How to Update SQL Server Statistics for Big Tables

Total: 1 Average: 5

In my previous article, I have briefly covered database statistics, its importance, and why statistics should be updated. Moreover, I have demonstrated a step by step process to create a SQL Server maintenance plan to update statistics. In this article, the following issues will be explained: 1. How to update statistics using T-SQL Command. 2. How to identify the frequently updated tables using T-SQL and also how to update the statistics of tables with frequently inserted/ updated / deleted data .

Updating statistics using T-SQL

You can update statistics using the T-SQL script. If you want to update statistics using T-SQL or SQL Server management studio, you need ALTER database permission on the database. See the T-SQL code example to update the statistics of a specific table:

UPDATE STATISTICS <schema_name>.<table_name>.

Let us consider the example of updating the statistics of the OrderLines table of the WideWorldImporters database.
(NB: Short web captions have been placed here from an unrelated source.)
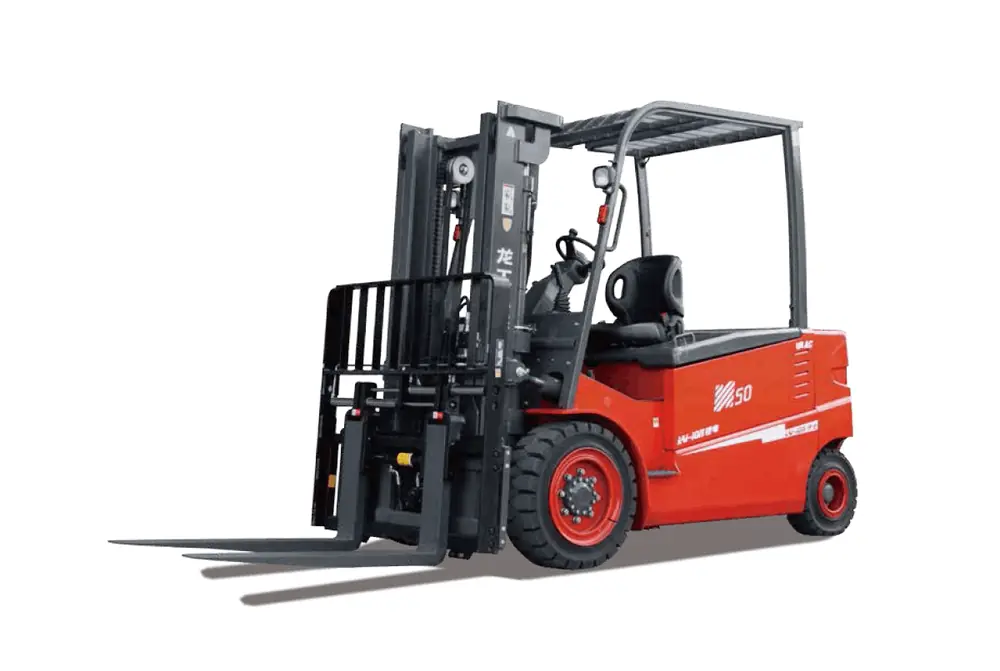 Lonking LG40B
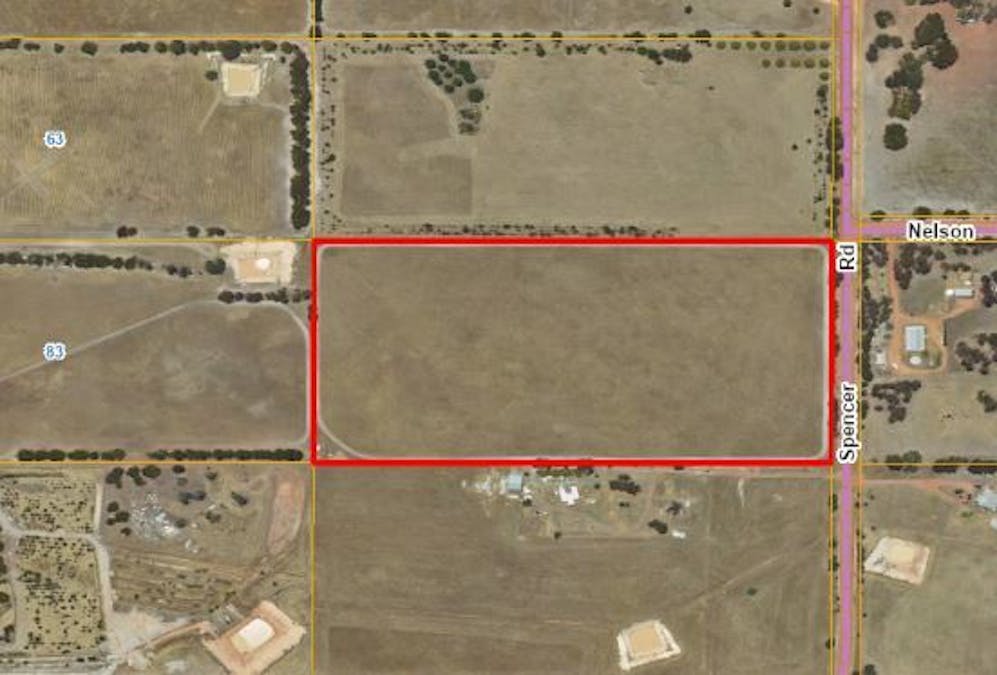 379/Spencer Road, Broomehill Village, WA, 6318 - Image 4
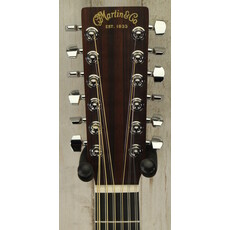 Martin USED Martin D12X1AE (518)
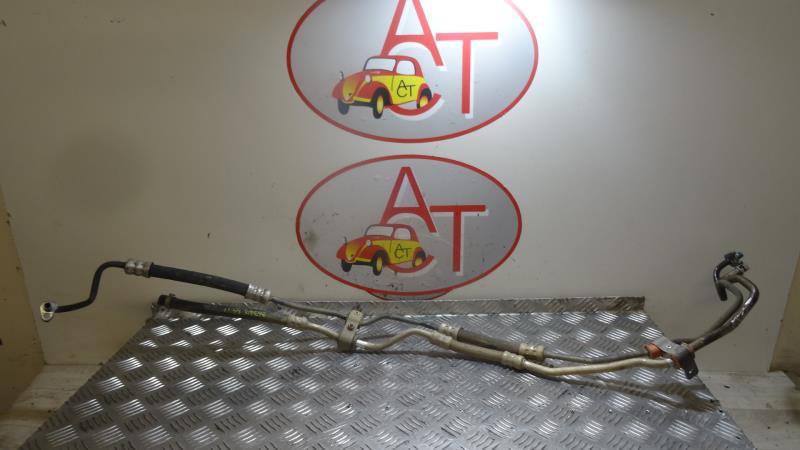 Tubo idraulico servosterzo CITROEN C4 2 PHASE 1 Diésel - 1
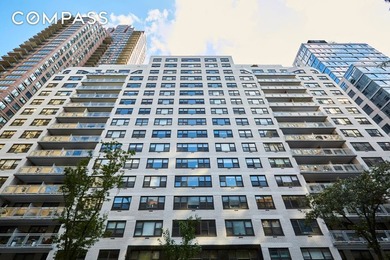 *Welcome to Apartment 2E at 420 East 72nd Street a one-bedroom - photo 8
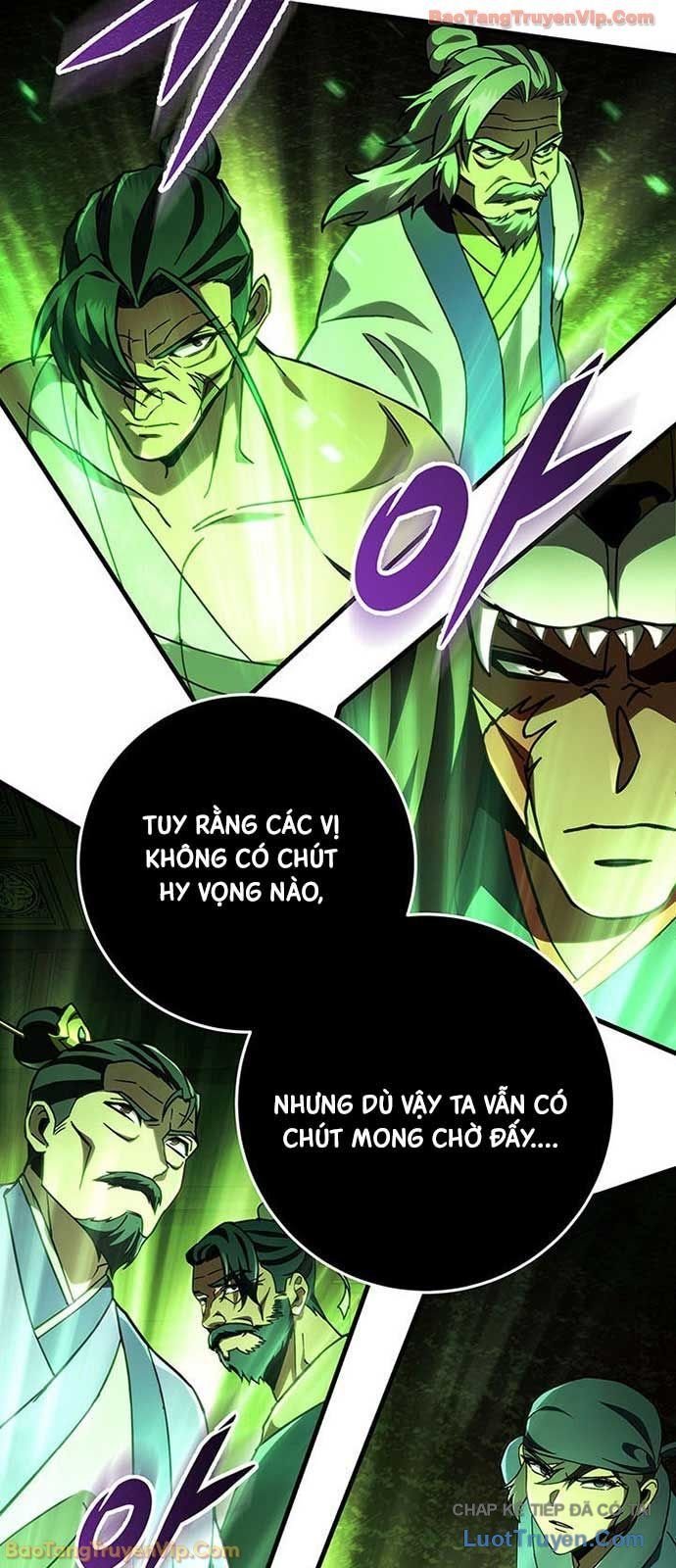 Trang 68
The following script will do that.

UPDATE STATISTICS [Sales].[OrderLines]

If you want to update the statistics of a specific index, you can use the following script:

UPDATE STATISTICS <schema_name>.<table_name> <index_name>

In case you want to update the statistics of the IX_Sales_OrderLines_Perf_20160301_02 index of the OrderLines table, you can execute the following script:

UPDATE STATISTICS [Sales].[OrderLines] [IX_Sales_OrderLines_Perf_20160301_02]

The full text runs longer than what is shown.